Victime de la crise de la filière porcine après sa cession
Fin 2010, Gad SAS emploie 2 500 salariés et réalise un chiffre d'affaires de 700 millions d'euros. C'est à ce moment-là que Loïc Gad, fils du fondateur, part. La Cecab rachète ses parts, ce qui lui permet de "maîtriser la filière porcine du champ à la fourchette", résume Le Télégramme. Le reste revient à la coopérative porcine Prestor. "L'opération marque la fin de la saga industrielle de la famille Gad à Lampaul-Guimiliau, une petite commune rurale connue, comme le dit la petite histoire, par son enclos du XVIIe siècle et par l'abattoir Gad", explique le quotidien local.
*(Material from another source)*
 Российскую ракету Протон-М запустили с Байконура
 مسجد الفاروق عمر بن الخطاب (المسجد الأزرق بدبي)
Un an après, les premiers nuages apparaissent. La Cecab commence à vendre certaines de ses filiales. "Gad a été en partie victime de la concurrence des abattoirs allemands, qui emploient une main-d'œuvre meilleur marché venue de Bulgarie ou de Roumanie", pointe Libération. Aujourd'hui, le groupe emploie des intérimaires roumains, et travaillent sur le site de Josselin, selon une information du Parisien publiée mardi. "Beaucoup mettent aussi en cause la gestion et les erreurs stratégiques du groupe Cecab", avance aussi Libération. "Le rachat de la Cecab était une opération incongrue. L'entreprise a été rachetée à un prix plus élevé que sa valeur. Moins investi que son père, Loïc Gad a vendu à un bon prix. Puis il est parti vivre au soleil et n'a plus donné de nouvelles", regrette Chantal Guittet.
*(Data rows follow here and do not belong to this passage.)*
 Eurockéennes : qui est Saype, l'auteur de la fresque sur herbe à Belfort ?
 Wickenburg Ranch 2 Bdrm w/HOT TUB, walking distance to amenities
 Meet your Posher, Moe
Coup de tonnerre en 2013 : la fermeture du site de Lampaul-Guimiliau est annoncée. La totalité de l'abattage est recentrée sur Josselin. "Depuis dix ans, j'entendais qu'il y avait un abattoir de trop dans la région", commente la députée. Le ministre délégué à l'Agroalimentaire, Guillaume Garot, a exclu pour sa part toute prise de participation de l'Etat ou nationalisation de Gad. Mais "il faut faire en sorte qu'on puisse de nouveau créer une activité, pas forcément un abattoir" sur le site de Lampaul-Guimiliau, a-t-il affirmé aux Echos.
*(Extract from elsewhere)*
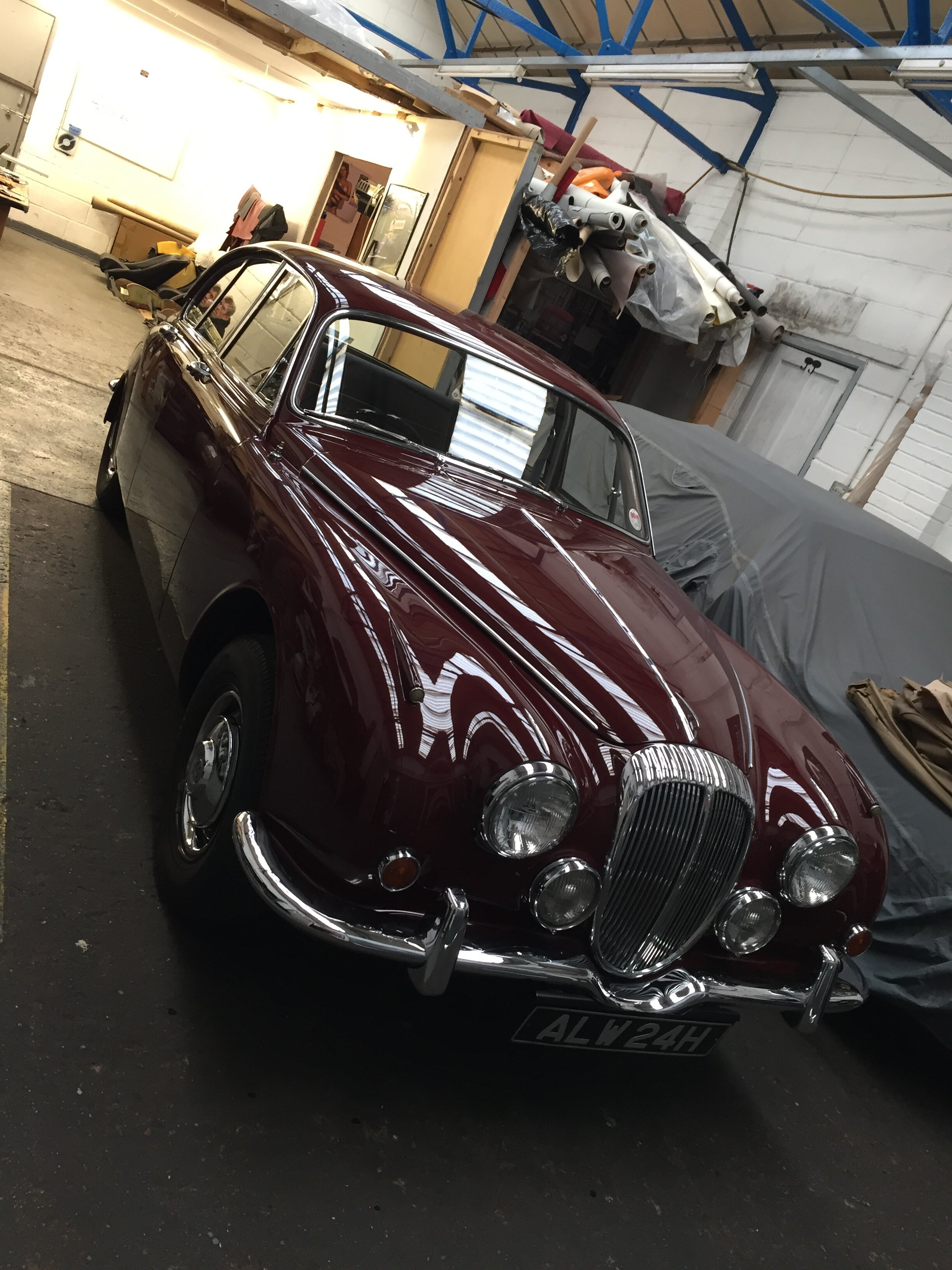 Daimler 250 V8 •••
Mercredi, certains salariés de Lampaul-Guimiliau sont restés tard devant l'usine de Josselin, malgré l'opposition de leurs collègues du Morbihan. La plupart des salariés du site morbihannais veulent travailler ; ils ont donc forcé le barrage afin de laisser passer des camions, provoquant des affrontements entre les employés des deux usines. "Les gens de Josselin nous regarderont toujours comme des Lampaulais, comme des pestiférés", explique à France 3 Bretagne Fabienne, qui travaille depuis dix-sept ans sur le site finistérien.
Preuve que la relation entre les deux sites appartient aussi à l'histoire de Gad.